**ASSIGNED TASK**
Below are the records; give again exactly the line with "Lana Grossa COTTON", the line with "ピーナッツの仲間たち | SNOOPY.co.jp：日本のスヌーピー公式サイト", and each line that lies between them, and nothing besides.

**DATA SHOWN**
+---+
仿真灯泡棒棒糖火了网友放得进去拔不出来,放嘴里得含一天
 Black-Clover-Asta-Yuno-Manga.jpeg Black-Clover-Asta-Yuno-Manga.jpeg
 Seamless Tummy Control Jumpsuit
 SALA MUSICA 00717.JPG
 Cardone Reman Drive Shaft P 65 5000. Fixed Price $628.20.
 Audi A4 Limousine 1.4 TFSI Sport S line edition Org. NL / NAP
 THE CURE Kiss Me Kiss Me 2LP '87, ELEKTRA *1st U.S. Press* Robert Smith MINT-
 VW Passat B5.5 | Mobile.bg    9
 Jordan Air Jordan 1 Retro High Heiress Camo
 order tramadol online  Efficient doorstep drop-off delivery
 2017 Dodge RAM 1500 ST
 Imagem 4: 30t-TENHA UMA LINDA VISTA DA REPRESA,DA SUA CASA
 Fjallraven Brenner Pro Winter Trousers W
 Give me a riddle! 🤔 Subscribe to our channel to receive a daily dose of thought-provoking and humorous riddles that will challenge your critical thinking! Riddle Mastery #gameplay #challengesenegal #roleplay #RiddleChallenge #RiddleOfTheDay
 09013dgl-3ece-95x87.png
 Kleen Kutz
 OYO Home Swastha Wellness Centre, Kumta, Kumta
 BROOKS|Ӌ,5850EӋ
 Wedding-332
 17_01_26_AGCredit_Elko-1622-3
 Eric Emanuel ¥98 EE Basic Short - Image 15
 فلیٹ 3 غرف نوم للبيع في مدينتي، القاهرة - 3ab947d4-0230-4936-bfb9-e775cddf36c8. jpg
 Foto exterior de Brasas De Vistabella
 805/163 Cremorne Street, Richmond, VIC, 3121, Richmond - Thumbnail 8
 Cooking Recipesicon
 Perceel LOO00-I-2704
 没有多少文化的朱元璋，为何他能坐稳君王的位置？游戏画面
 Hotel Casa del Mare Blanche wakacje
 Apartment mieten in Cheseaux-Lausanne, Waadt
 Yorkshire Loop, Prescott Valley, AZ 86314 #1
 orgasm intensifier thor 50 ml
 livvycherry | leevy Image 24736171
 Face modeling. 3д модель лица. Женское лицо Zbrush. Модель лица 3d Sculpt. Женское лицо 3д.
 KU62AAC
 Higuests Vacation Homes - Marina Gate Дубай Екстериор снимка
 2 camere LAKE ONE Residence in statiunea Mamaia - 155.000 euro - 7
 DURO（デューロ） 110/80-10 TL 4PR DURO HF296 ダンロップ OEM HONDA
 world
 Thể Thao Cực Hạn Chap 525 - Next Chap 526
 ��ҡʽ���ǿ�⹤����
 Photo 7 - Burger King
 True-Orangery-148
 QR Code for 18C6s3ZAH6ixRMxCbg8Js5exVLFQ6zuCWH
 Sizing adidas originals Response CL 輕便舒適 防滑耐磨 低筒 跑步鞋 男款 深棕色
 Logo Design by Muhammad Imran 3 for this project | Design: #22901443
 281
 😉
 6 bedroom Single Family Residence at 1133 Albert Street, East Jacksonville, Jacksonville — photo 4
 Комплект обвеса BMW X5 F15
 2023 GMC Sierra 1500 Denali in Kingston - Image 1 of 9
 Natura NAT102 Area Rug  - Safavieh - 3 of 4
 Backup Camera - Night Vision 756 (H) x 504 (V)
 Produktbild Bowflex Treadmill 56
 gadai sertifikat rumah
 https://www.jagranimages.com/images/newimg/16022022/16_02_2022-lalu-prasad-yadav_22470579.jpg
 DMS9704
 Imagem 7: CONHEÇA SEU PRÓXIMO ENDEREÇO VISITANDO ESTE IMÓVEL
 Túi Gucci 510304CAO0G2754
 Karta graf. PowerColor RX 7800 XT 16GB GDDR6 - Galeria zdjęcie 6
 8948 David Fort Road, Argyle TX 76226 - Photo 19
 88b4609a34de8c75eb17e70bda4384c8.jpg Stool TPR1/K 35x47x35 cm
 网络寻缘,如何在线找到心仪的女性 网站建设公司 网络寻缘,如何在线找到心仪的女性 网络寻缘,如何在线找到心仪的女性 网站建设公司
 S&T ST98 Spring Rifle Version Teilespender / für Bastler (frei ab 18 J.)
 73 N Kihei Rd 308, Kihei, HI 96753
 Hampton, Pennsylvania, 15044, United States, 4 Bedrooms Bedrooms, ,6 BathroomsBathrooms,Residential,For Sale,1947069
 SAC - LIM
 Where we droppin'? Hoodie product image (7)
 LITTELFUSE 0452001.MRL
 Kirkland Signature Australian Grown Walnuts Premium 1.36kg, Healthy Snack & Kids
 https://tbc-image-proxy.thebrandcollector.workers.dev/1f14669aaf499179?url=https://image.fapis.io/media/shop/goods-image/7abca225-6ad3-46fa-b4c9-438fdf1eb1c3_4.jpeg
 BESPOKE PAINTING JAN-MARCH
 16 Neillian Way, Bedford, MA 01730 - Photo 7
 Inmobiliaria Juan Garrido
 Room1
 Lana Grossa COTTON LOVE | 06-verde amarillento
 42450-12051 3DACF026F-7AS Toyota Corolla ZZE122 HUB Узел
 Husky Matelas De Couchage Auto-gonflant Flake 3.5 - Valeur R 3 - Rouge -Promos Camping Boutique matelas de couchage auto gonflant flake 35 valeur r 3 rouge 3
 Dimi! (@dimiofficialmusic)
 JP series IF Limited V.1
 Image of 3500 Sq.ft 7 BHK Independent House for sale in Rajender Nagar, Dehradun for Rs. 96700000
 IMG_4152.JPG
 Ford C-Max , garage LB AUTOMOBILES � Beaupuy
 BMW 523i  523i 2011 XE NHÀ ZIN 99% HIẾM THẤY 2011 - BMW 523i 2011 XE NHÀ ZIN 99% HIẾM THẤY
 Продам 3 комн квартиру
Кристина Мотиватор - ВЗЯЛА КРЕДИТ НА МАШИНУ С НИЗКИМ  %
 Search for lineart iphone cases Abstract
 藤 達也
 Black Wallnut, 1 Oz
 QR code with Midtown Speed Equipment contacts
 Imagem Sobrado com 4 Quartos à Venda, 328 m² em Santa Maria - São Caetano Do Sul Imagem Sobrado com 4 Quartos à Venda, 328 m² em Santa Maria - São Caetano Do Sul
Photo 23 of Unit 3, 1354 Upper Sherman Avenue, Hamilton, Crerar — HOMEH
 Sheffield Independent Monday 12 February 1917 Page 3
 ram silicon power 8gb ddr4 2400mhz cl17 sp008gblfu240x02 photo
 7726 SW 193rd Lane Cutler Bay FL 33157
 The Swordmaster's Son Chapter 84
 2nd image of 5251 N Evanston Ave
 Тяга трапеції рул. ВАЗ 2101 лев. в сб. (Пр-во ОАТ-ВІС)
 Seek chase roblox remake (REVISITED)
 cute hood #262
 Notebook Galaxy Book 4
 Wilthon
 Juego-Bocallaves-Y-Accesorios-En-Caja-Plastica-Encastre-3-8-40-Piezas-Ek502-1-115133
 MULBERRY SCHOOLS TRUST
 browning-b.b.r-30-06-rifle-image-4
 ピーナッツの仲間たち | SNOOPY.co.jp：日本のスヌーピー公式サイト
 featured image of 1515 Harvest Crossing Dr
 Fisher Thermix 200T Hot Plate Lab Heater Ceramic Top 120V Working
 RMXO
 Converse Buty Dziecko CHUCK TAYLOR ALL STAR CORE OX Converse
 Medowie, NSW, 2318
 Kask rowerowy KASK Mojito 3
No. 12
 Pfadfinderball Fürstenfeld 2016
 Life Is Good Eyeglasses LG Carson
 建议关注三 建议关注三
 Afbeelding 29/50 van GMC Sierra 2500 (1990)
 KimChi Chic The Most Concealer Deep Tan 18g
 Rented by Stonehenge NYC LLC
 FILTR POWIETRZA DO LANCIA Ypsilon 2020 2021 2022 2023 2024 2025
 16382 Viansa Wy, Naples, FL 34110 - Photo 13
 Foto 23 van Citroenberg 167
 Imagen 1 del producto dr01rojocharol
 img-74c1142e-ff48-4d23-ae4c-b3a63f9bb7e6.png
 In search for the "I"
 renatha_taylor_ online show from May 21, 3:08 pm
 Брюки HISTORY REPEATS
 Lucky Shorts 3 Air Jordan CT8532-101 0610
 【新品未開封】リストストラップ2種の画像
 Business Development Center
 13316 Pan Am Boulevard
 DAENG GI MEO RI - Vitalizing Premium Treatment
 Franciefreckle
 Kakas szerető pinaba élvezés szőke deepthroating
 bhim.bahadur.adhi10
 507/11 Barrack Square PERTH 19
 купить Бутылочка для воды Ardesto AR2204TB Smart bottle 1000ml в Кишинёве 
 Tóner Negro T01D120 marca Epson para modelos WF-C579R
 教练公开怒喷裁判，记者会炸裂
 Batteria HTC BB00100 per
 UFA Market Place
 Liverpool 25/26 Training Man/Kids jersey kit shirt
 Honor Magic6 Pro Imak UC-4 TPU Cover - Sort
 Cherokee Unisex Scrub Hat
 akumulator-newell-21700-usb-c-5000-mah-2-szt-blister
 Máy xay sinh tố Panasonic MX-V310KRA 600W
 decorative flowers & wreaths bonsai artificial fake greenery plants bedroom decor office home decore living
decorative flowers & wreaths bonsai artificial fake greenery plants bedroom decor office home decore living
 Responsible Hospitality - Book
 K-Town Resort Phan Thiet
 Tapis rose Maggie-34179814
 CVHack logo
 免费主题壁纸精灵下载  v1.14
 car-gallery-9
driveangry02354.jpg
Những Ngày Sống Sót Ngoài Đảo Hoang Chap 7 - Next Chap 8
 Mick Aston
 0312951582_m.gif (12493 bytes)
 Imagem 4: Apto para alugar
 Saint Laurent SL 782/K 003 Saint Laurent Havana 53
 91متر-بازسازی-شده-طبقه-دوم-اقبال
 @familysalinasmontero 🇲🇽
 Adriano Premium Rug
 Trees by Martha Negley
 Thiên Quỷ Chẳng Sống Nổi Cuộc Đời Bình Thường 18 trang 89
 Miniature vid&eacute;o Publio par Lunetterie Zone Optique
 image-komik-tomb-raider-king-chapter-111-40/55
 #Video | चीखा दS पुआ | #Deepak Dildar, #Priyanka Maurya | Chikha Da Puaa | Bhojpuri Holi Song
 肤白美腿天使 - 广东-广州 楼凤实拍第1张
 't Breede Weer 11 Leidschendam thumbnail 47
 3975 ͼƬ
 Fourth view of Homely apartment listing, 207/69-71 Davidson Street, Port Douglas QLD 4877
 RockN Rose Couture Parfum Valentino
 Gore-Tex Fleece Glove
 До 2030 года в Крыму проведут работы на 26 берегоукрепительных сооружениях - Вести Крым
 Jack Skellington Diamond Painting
+---+
**WRITTEN RESPONSE**
 Lana Grossa COTTON LOVE | 06-verde amarillento
 42450-12051 3DACF026F-7AS Toyota Corolla ZZE122 HUB Узел
 Husky Matelas De Couchage Auto-gonflant Flake 3.5 - Valeur R 3 - Rouge -Promos Camping Boutique matelas de couchage auto gonflant flake 35 valeur r 3 rouge 3
 Dimi! (@dimiofficialmusic)
 JP series IF Limited V.1
 Image of 3500 Sq.ft 7 BHK Independent House for sale in Rajender Nagar, Dehradun for Rs. 96700000
 IMG_4152.JPG
 Ford C-Max , garage LB AUTOMOBILES � Beaupuy
 BMW 523i  523i 2011 XE NHÀ ZIN 99% HIẾM THẤY 2011 - BMW 523i 2011 XE NHÀ ZIN 99% HIẾM THẤY
 Продам 3 комн квартиру
Кристина Мотиватор - ВЗЯЛА КРЕДИТ НА МАШИНУ С НИЗКИМ  %
 Search for lineart iphone cases Abstract
 藤 達也
 Black Wallnut, 1 Oz
 QR code with Midtown Speed Equipment contacts
 Imagem Sobrado com 4 Quartos à Venda, 328 m² em Santa Maria - São Caetano Do Sul Imagem Sobrado com 4 Quartos à Venda, 328 m² em Santa Maria - São Caetano Do Sul
Photo 23 of Unit 3, 1354 Upper Sherman Avenue, Hamilton, Crerar — HOMEH
 Sheffield Independent Monday 12 February 1917 Page 3
 ram silicon power 8gb ddr4 2400mhz cl17 sp008gblfu240x02 photo
 7726 SW 193rd Lane Cutler Bay FL 33157
 The Swordmaster's Son Chapter 84
 2nd image of 5251 N Evanston Ave
 Тяга трапеції рул. ВАЗ 2101 лев. в сб. (Пр-во ОАТ-ВІС)
 Seek chase roblox remake (REVISITED)
 cute hood #262
 Notebook Galaxy Book 4
 Wilthon
 Juego-Bocallaves-Y-Accesorios-En-Caja-Plastica-Encastre-3-8-40-Piezas-Ek502-1-115133
 MULBERRY SCHOOLS TRUST
 browning-b.b.r-30-06-rifle-image-4
 ピーナッツの仲間たち | SNOOPY.co.jp：日本のスヌーピー公式サイト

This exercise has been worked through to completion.